Part of me was hesitant to show him my whole repertoire, even though I knew he had no intention to use the information against me or anyone else since his aspirations of all-worlds domination had since passed. But part of me was an insufferable showoff. "I remember. I learn everything and never forget it. I am a computer with what I believe to be limitless memory." I used the computer analogy even though I knew Loki was rather unfamiliar with the concept of them.

I read him again and saw that, somewhere along the line, I'd gained a small amount of his respect. Loki resented humans, but almost thought of me as an equal, since I almost didn't register as a human in his eyes. Almost. This was a small comfort to me. I often myself feeling like I wasn't human anymore, and hadn't been for a long time.

Loki folded his arms across his chest. "And how did a mere mortal such as yourself become so gifted?" Again, nothing sinister in the works, just intrigue, and for good reason. However, I wasn't quite ready to say anything about that just yet. That would require preparation beforehand.

"Perhaps someday," I said, "but not today."

The fallen god sighed. "How fair is it that you intrude upon my thoughts and memories while I know nothing of you but your surname?"

I couldn't restrain a laugh. "The god of mischief and lies lecturing me about fairness? You have heard the old proverb about the blind leading the blind, right?" I did, however, see his point. "My name is Kathryn Marie Szymanski, though I've gone by Katy my whole life. I am eighteen years old and a psychology student at Rutgers University. My birthday is December 23rd, and my zodiac sign is Capricorn. I'm originally from Scranton, Pennsylvania. I was raised by my parents, whose names are Gerald and Anne. I have a brother named Travis, two years my senior, and a sister named Brianna, three years my junior." I intentionally left one out, for the time being. I couldn't do it. "In my spare time, which, since I started college, isn't much, I like to read all the books I can get my hands on and doodle in my sketchbook, though I'm not very good. My grandmother also got me into knitting, and I'm currently working on a scarf."

"You are concealing something, I can tell," Loki said sharply. "Something dark.
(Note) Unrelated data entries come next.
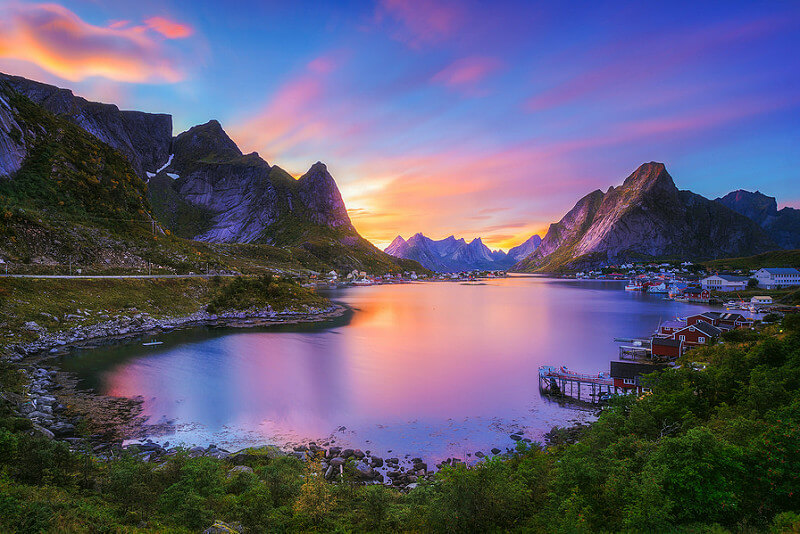 Sunset in Reine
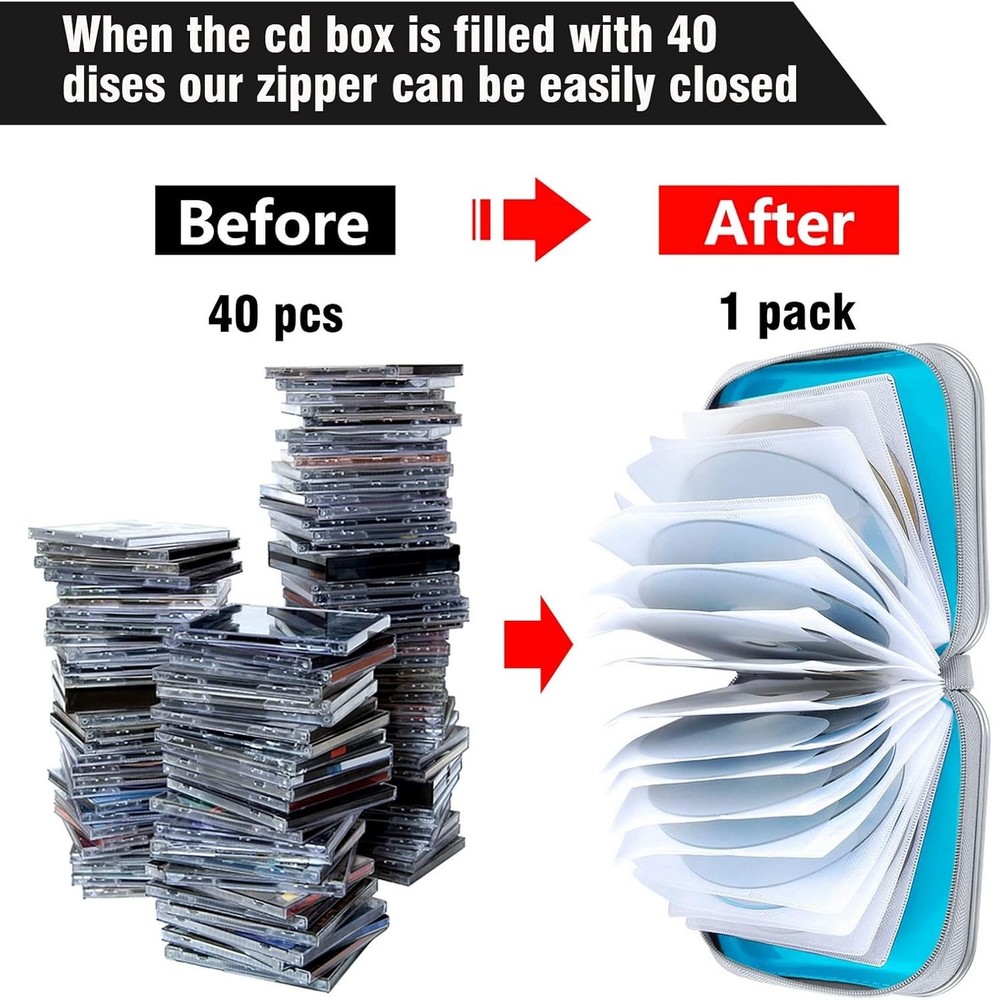 CD Case, 40 Capacity CD/DVD Case Holders Wallet Hard Plastic DVD Sky Blue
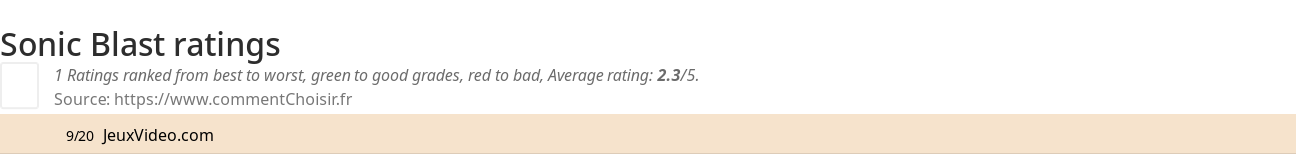 Ratings Sonic Blast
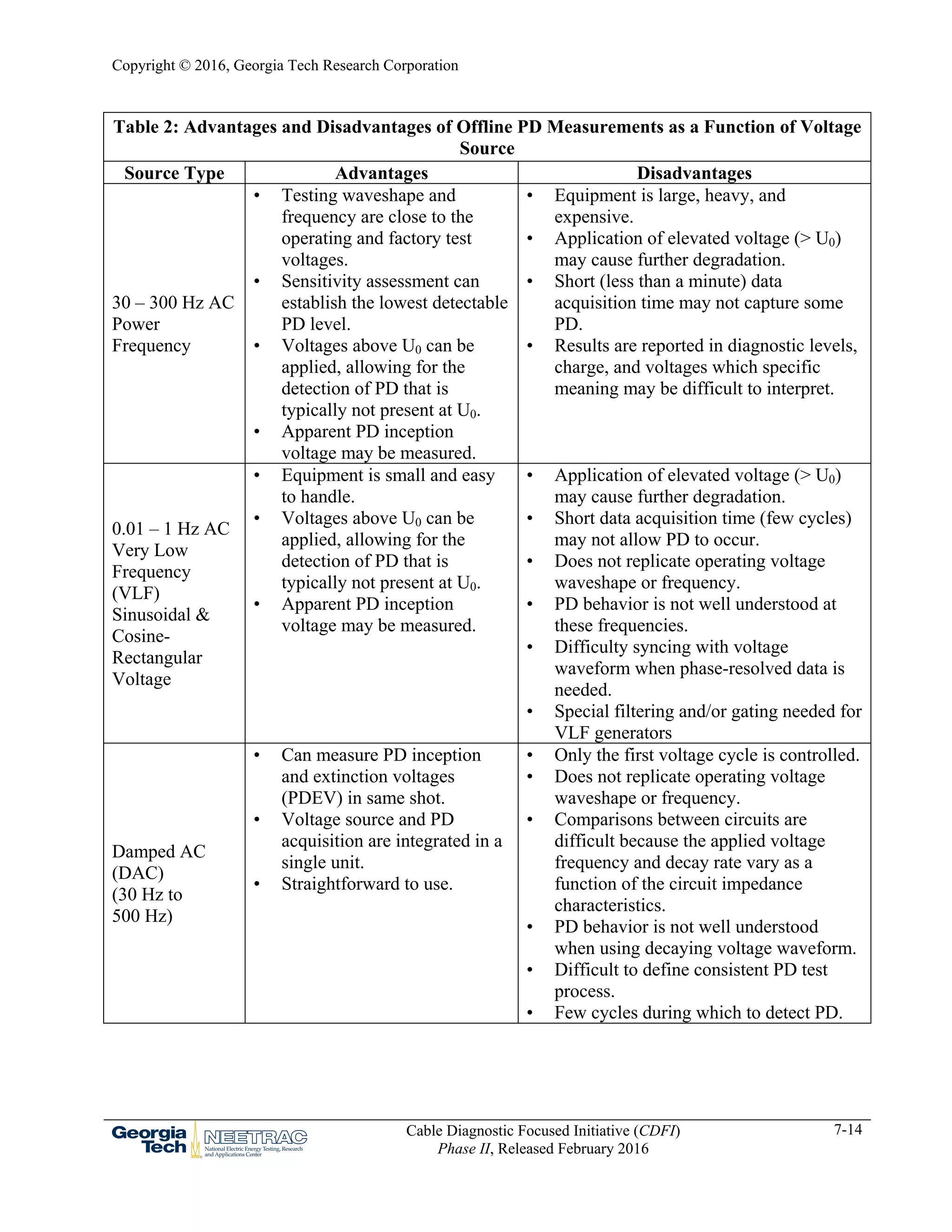 NEETRAC (Chapter 7: Medium Voltage Cable System Partial Discharge) ) | PDF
Although I am powerless, I know when I am being lied to. Lies are, after all, my area of expertise."

I shook my head. "Not today. I'm sorry. I can't do it."

"For someone so adept at finding skeletons in the closets of others, you do a comparatively poor job of hiding the rattling bones in your own." He smirked again. "You have known darkness, Miss Kathryn, and I shall patiently wait to learn of what exactly it entailed."

I was shaken by this, perhaps visibly, and I murmured, "What makes you so sure I've 'known darkness,' like you said, in the first place?"

A slightly wicked grin at this. "To accept a madman so quickly is to be at least slightly mad yourself."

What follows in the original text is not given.